ZenTiger Police Action

The police seem to be in the news and making the news at the moment. Firstly, a surprising arrest in the Scott Guy case. No real information on what evidence they are basing the arrest on, and huge downsides if they prove to be mistaken. I don't know what to think, other than the obvious - this is going to be really hard on the Guy family and the family of the accused.  (The accused is the brother-in-law of Scott Guy.)


And in the Sunday Star Times today, a poor piece of spin control on the "Cougar" advertisement that was sensibly pulled a while ago, after being not so sensibly shown in the first place.
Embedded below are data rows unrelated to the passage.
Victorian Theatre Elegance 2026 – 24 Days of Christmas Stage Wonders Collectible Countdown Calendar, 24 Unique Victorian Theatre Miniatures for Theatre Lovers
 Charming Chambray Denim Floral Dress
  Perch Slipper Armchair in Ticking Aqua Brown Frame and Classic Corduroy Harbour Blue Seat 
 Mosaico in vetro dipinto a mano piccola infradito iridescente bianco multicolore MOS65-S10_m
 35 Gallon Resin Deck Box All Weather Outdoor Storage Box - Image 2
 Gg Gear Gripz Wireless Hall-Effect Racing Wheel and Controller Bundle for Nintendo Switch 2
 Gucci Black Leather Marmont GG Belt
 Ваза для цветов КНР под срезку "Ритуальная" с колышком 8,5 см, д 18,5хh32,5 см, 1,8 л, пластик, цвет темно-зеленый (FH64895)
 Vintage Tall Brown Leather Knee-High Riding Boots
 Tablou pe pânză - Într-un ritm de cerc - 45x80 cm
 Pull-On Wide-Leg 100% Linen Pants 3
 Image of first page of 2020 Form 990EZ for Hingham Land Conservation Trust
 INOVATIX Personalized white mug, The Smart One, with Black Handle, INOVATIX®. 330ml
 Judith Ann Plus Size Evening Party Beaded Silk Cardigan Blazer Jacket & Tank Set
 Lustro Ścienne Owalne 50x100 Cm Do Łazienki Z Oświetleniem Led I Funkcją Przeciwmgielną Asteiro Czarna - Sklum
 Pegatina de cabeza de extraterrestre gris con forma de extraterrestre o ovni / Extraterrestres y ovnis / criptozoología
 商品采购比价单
It was an appalling advertisement, and the "article" today followed up with the same level of epic fail.

The first mistake was to use the "ends justifies the means" excuse, claiming that the advertising campaign was wildly successful because the Police website got lots of hits.

Here's a clue for you Inspector Clouseau - Website hits don't necessarily mean that you are going to get more recruits, and with advertisements like that, it doesn't mean the recruits are automatically suitable material. The website hits probably went up because the Police were getting a lot of flak for their insensitivity, and people were checking out the adverts themselves to make sure this wasn't some sort of exaggeration. It wasn't.

The second mistake was to try to use the argument that acting crass and suggesting the police are immoral as others to be a successful strategy. "We like them young" (chauvinistic) "Get paid more than your dad" (bribery) and "We endorse queue cutting" (cheating) was supposedly designed to "correct some strong myths held by young people regarding police recruitment".

Currently, the "myth" they need to combat is that the police are not sexist, bullying, and cheating.  These adverts seem to reflect a culture they say isn't there.  It also makes the Police appear desperate to lure anyone into the job of any calibre (or any voltage, perhaps?).

These advertisements simply reinforce the stereotype, so are not for a moment anywhere near approaching the aim of attracting "intelligent, balanced, non-judgemental young people using a tongue-in-cheek sense of humour".  Do they not have bullshit detectors in the force?  My one is going off like a siren on a Friday night. 
 
Writing spin pieces like this that just don't hold up to a moments critical analysis is dragging the Police down. All of the (I hope) good detective work on the Scott Guy case may suffer for it.  Looks like they still have a bit more work to do before they crack the case.